2) I draw only if I need to explain something to the interviewer. But I have a
visually oriented way of thinking, so I don't need this for myself in most
cases. Then tell them how to implement this or that, when I know how it would
work. (We will need a vector to store this data, run a search on this, have
those tables in the database, linked this way, to be queried with this SQL
expression). Would depend of course, if they actually expect you to show some
code or just to outline the core points of the possible solution.

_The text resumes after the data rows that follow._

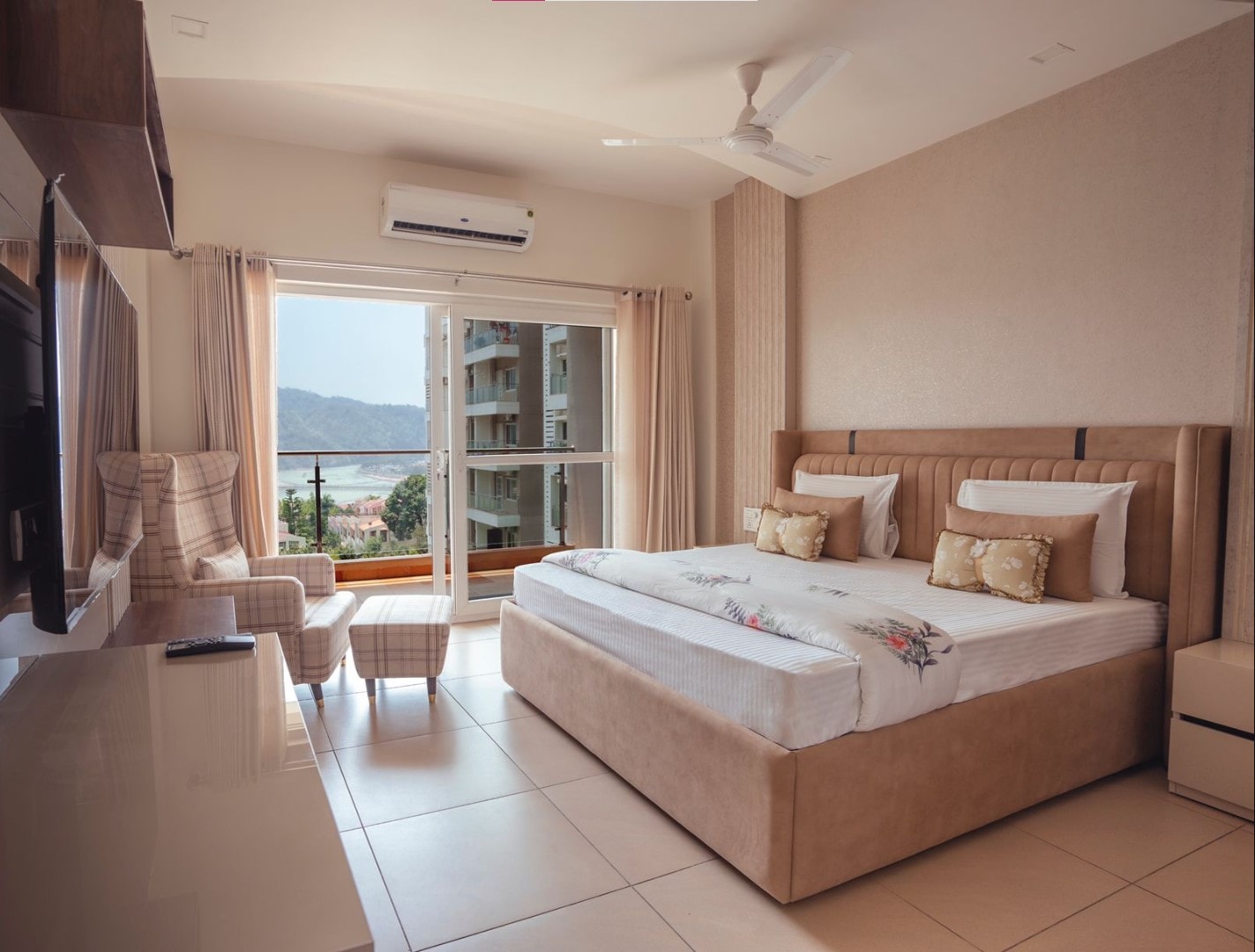 Golden Healing Journeys -Luxe Apartments - Tap to explore photos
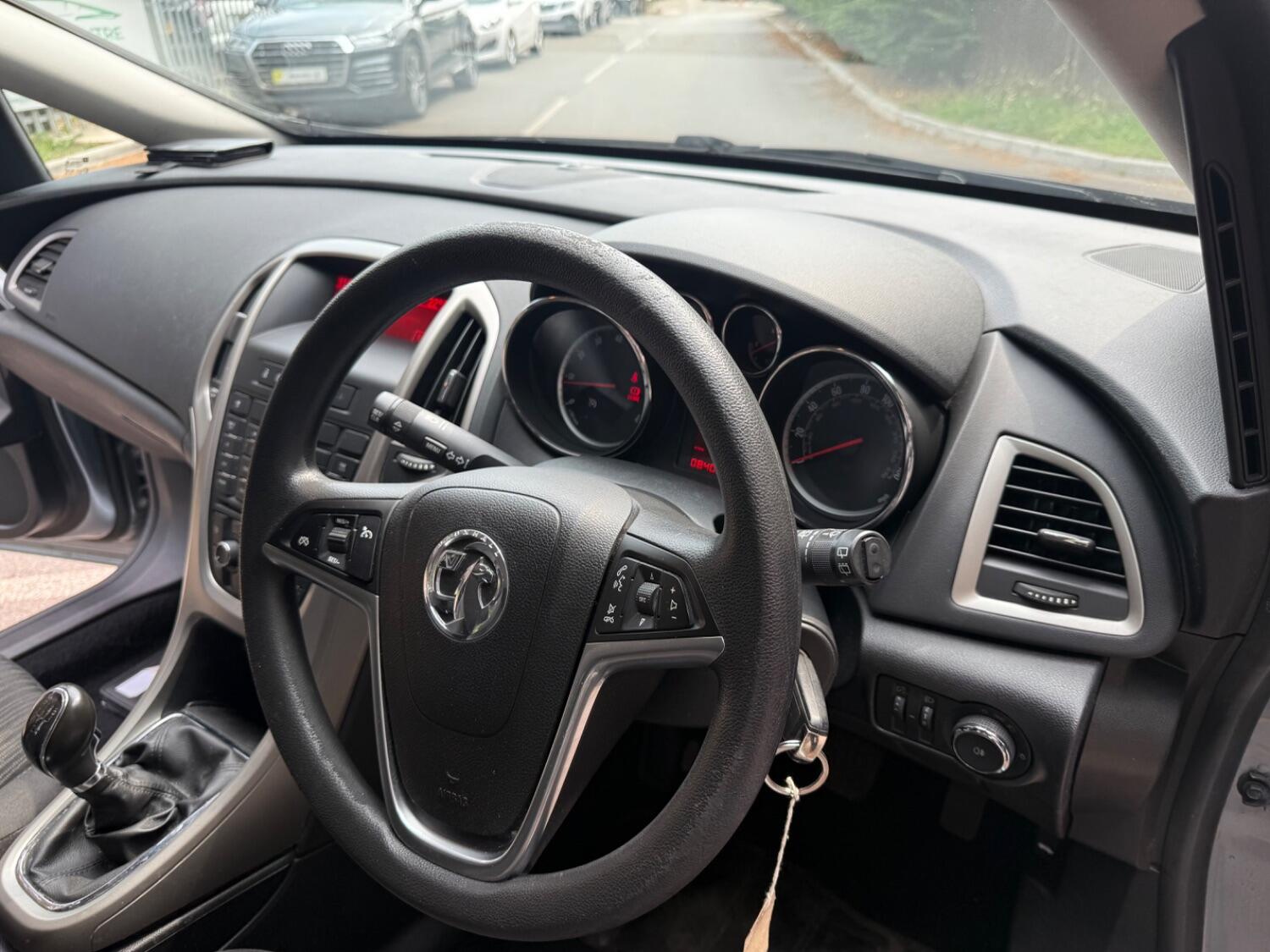 Used Vauxhall Astra 2011 for sale - 76625411: Photo 11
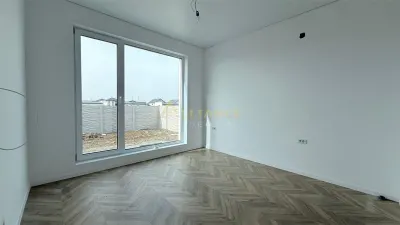 Casa Individuala - 4 camere - 2 bai - 371 mp teren - foto 13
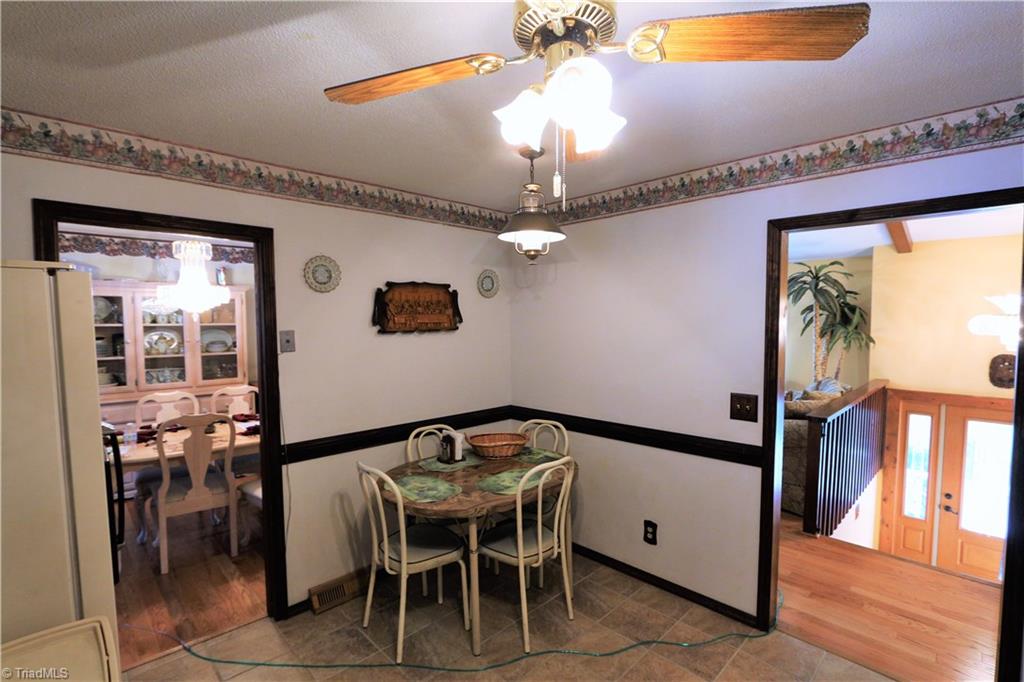 1544 Hartman Road Lexington, NC 27295 - Photo 5 of 19 Gallery Image 5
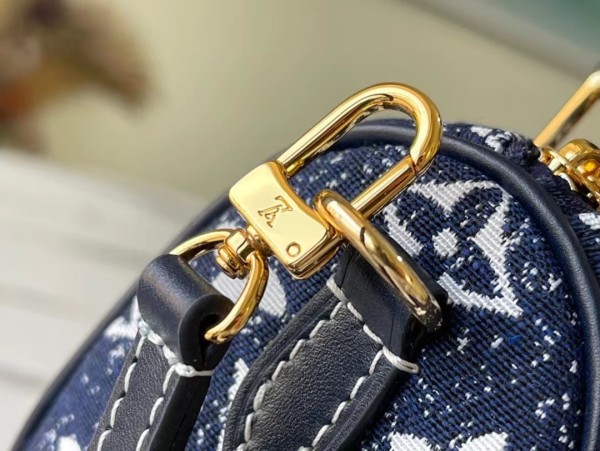 Handbag Louis Vuitton M81213 size 16.0 x 11.0 x 9.0 cm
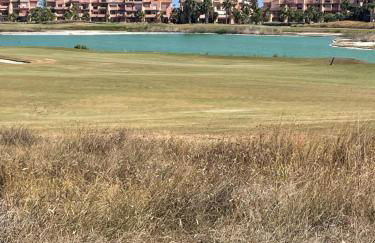 BEL APPARTEMENT REZ De CHAUSSEE AVEC DOUBLE TERRASSE FACE AU LAC ET AU GOLF - Foto 12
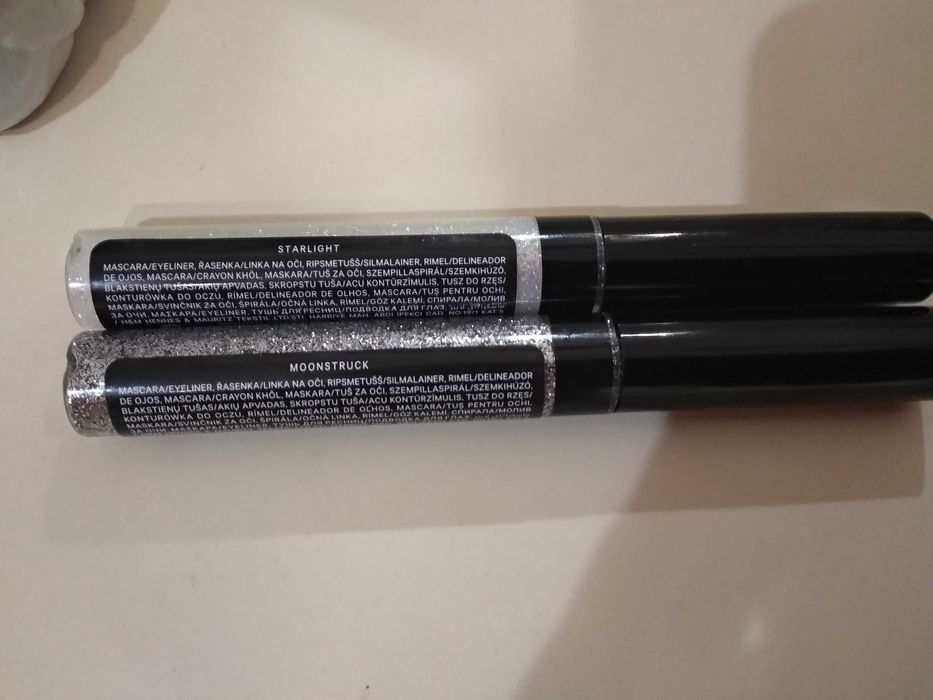 Máscara/Eyeliner brilhante da H&M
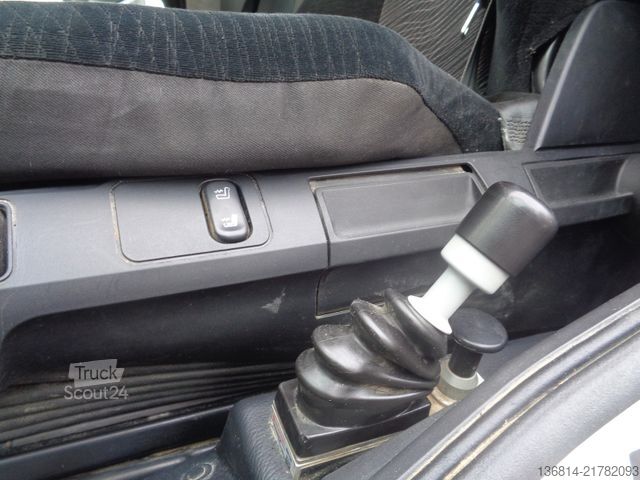 Trostrani kiperski kamion MERCEDES-BENZ Arocs 3246 /Blattfederung/Bordmatik/Meiller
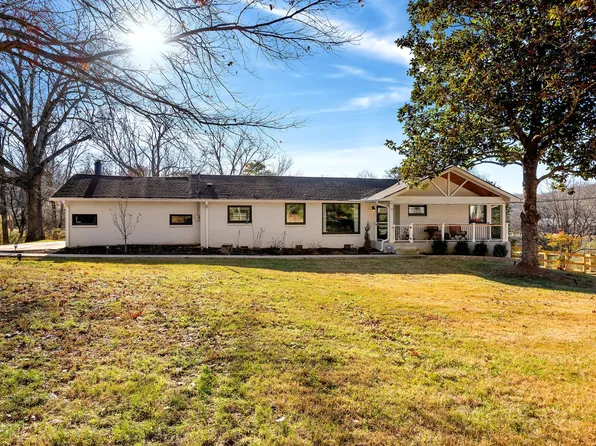 949 Davidson Dr, Nashville, TN 37205
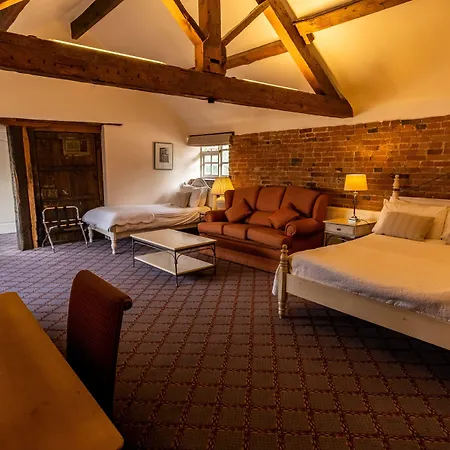 Donington Park Farmhouse Hotel-3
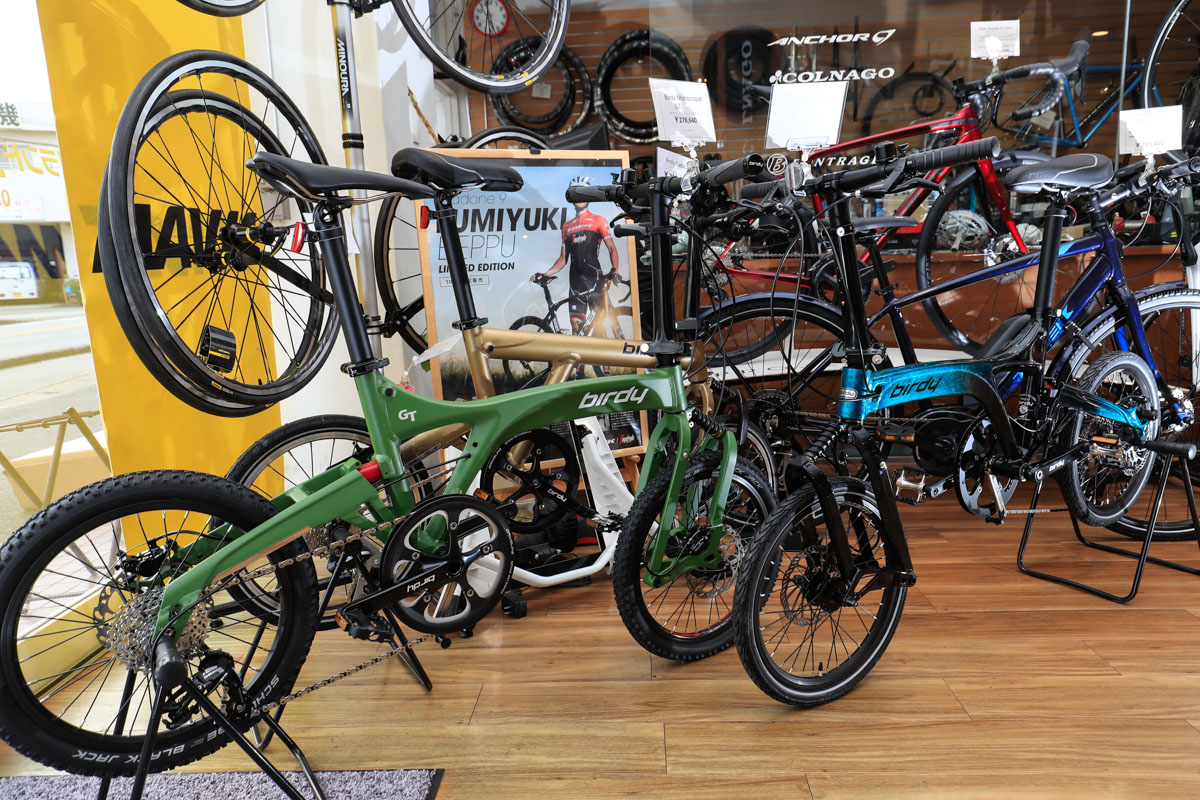 小径車のBirdy(バーディ)は数多く取り揃え、限定車も積極的に展示する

3) Normally I talk a lot and let them know intermediate steps (Watch their
faces, you can see if you're on the right track). There is no problem in
saying something that's wrong. If the interviewer knows a bit about the job,
he won't expect you to be perfect on the spot. (If they send you somebody to
interview you who doesn't know that: wrong company, good bye) If I get stuck,
I tell them that that's a complex problem and I need to think some time about
it. Shouldn't be a problem. Maybe I give them some of the points that make me
worry and line out the possible problems and solutions. (If I do it that way
it will use more memory, but the other way will give me better performance,
cleaner code...)

4) I just tell them what I'm thinking. I don't think what they may want to
hear. They get what I have and that's it. If they don't like it, that's bad
luck (For them of course, not for me)

------
davidj
schedule a interview with a company you don't really want a job ahead of the
interview with the company you do want a job from as a practice interview.